One of the basic demands of a career in journalism is that you visit a lot of people in a lot of different places. This used to be simple: you showed up, asked the person at the door for directions, and duly enlightened, made your way to your appointment. Today it is a time-consuming palaver. Over the past couple of decades doormen have redefined their jobs. Instead of helping visitors get to where they’re going, they make them jump through a lengthy series of hoops instead. They ask for official identification. They make you fill out a long form including all of your own information and that of the person you’re seeing. They take photographs and issue you with a badge on which your name is grotesquely misspelt. Yet if, once you’ve been through all this, you then dare to ask for directions to your destination, they feign profound ignorance of the very building that they’re guarding.

Frustrating potential visitors has been taken to a high art in America – that great engine of Tocquevillian modernity – and particularly in New York City.
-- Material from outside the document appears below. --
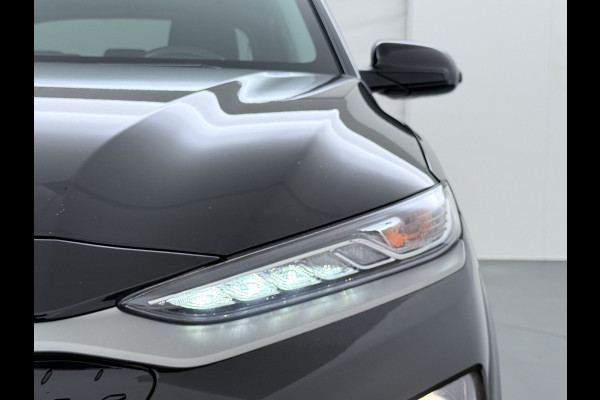Hyundai Kona EV Fashion 64kWh SOH 100% Warmtepomp Head Up Display Adap.Cruise Navi Ecc Camera Apple Carplay Android Auto Pdc Lane Assist Dodehoekwaarschuwing Keyless Privacy Glas DAB FCA 1e Eigenaar Origineel Nederlandse Auto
The person on the door sits on a vast chair to accommodate his or her extraordinary bulk. They curl their lips with contempt as you struggle to find your identification – and look with puzzled amazement if you happen to have a British rather than American driving licence. And don’t bother asking them which elevator you should take.
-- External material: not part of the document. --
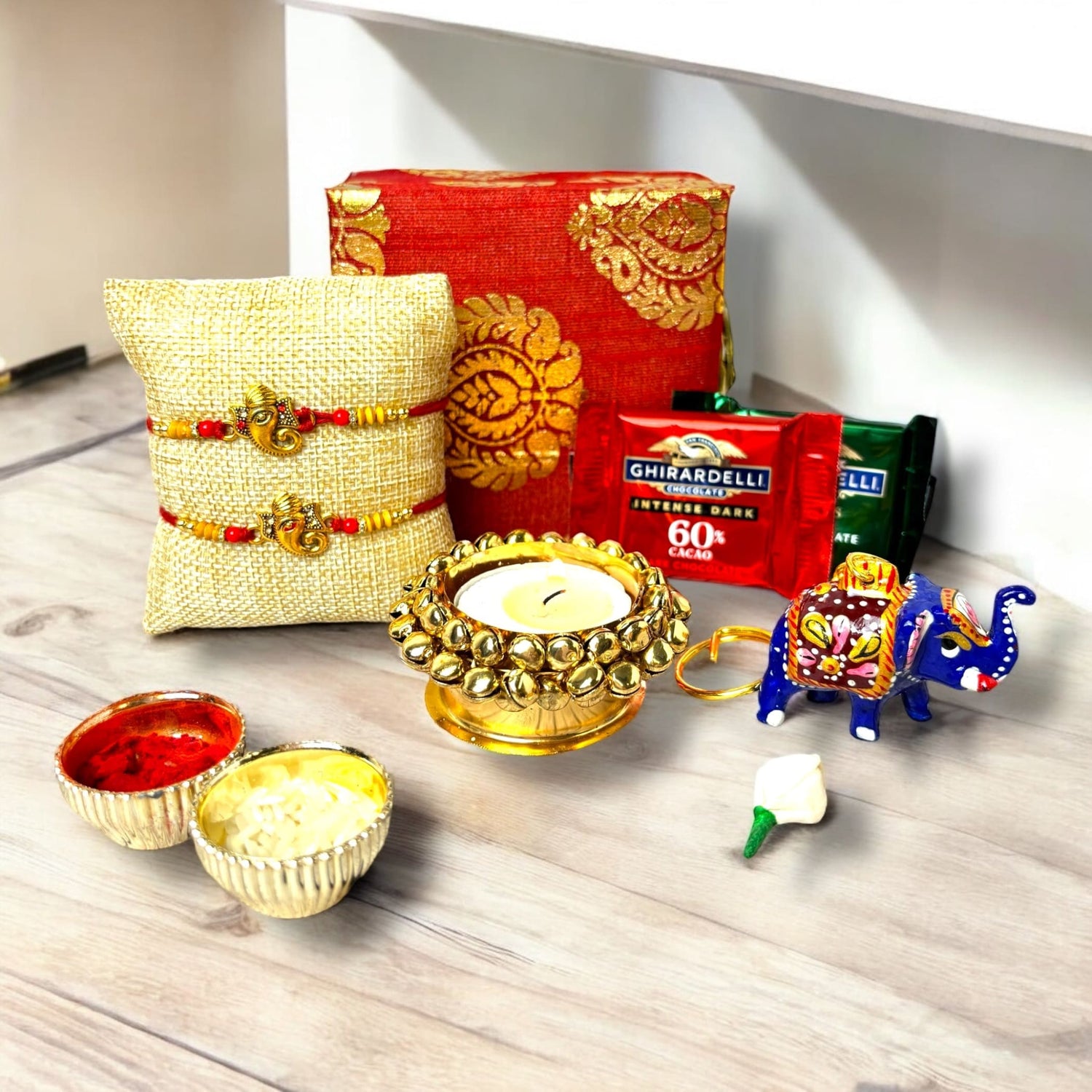 Rakhi gift arrangement with Ganesha Rakhi, chocolates, candle holder, key chain, and gift box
Asia is determined to keep up. I was once cutting it fine for an interview with a chemicals giant in Mumbai. A doorman took my passport and, ever so slowly, started transcribing every personal detail. Only after he’d completed this laborious task did he look up the name of the official I had come to see and discovered that he was based in another office.
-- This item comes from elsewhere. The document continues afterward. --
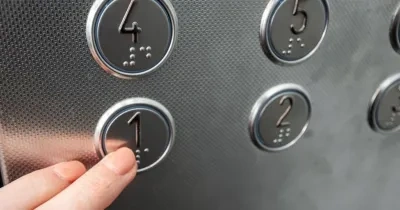 dedos de una persona pulsando botones de un ascensor con el número también en formato braille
On a visit to Singapore, a colleague tried to visit a building where a doorman would store your identification in a tiny pigeon hole. His British passport was too large for the slot. The doorman refused to admit him.

Tick-the-box officiousness goes hand in hand with jobs-worthery. Once upon a time doormen were jacks of all trades – some of them even helped you get a taxi when you had finished your meeting. Now they refuse to budge beyond their defined task, citing “building rules”, “health-and-safety considerations” or “city regulations” to justify why they can’t venture from behind their desk to open a door for a delivery person who is struggling with a huge package, or why they can’t be expected to provide information about where someone’s office might be located.

There are many reasons why doormen have mutated into monsters. The threat of terrorist attacks means that even the sweetest-natured folk must treat their fellow citizens as potential evil-doers. An odious combination of health-and-safety rules and litigation culture ensures that even generous souls are trapped behind their desks.

Yet it’s hard not to see the populist revolution that has given us Brexit and Trump at work here as well: as the meritocratic elite becomes more obnoxious, whizzing from meeting to meeting with fellow members of their tribe, regular people have to take any opportunity they can to derail them. What better way than to humiliate them as they go to one of their precious meetings, treating them like criminals, forcing them to disclose pointless information and letting them know what you think of them and their kind? If I guarded a door all day, I’m sure I’d do exactly the same.